De verzekerde die ongeschikt is tot het verrichten van zijn arbeid als rechtstreeks en objectief medisch vast te stellen gevolg van ziekte of gebrek heeft recht op ziekengeld (artikel 19, eerste en vierde lid, van de ZW).
Naar vaste rechtspraak wordt onder het begrip ‘zijn arbeid’ verstaan de arbeid die de verzekerde het laatst voor het intreden van de arbeidsongeschiktheid heeft verricht.
Als een verzekerde geen werkgever (meer) heeft en 52 weken arbeidsongeschikt is geweest heeft deze recht op ziekengeld als hij:
- ongeschikt is tot het verrichten van zijn arbeid, als bedoeld in artikel 19 én
- slechts in staat is ten hoogste 65% te verdienen van het maatmaninkomen per uur met algemeen geaccepteerde arbeid waartoe hij met zijn krachten en bekwaamheden in staat is (artikel 19aa, eerste lid, en artikel 19ab, derde lid, van de ZW).

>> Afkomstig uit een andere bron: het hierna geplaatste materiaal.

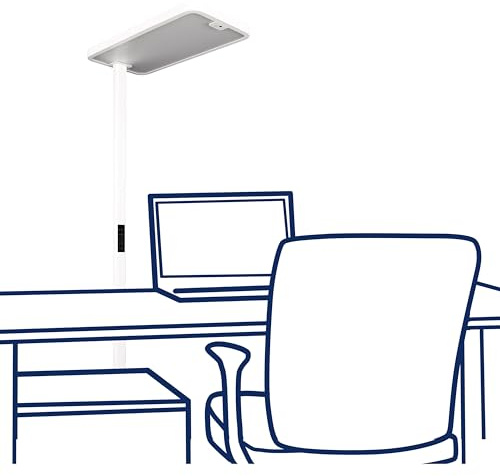 Lampada da terra a LED per ufficio, 100 W, con funzionamento touch – Lampada da lavoro dimmerabile con sensore di luce diurna e movimento, 9600 lm, 4000 K, bianco neutro, UGR<12 – Lampada da ufficio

De mate van arbeidsongeschiktheid wordt vastgesteld op basis van een verzekeringsgeneeskundig en een arbeidskundig onderzoek (artikel 19ab, eerste lid, van de ZW).

Voetnoten

1.Het CBBS is een computersysteem van het UWV en wordt door verzekeringsartsen en arbeidsdeskundigen van het UWV gebruikt bij claimbeoordelingen in het kader van de in Nederland geldende arbeidsongeschiktheidswetten, waaronder de ZW.
2.Zie bijvoorbeeld CRvB 30 januari 2020, ECLI:NL:CRVB:2020:248 en CRvB 6 november 2020, ECLI:NL:CRVB:2020:2743.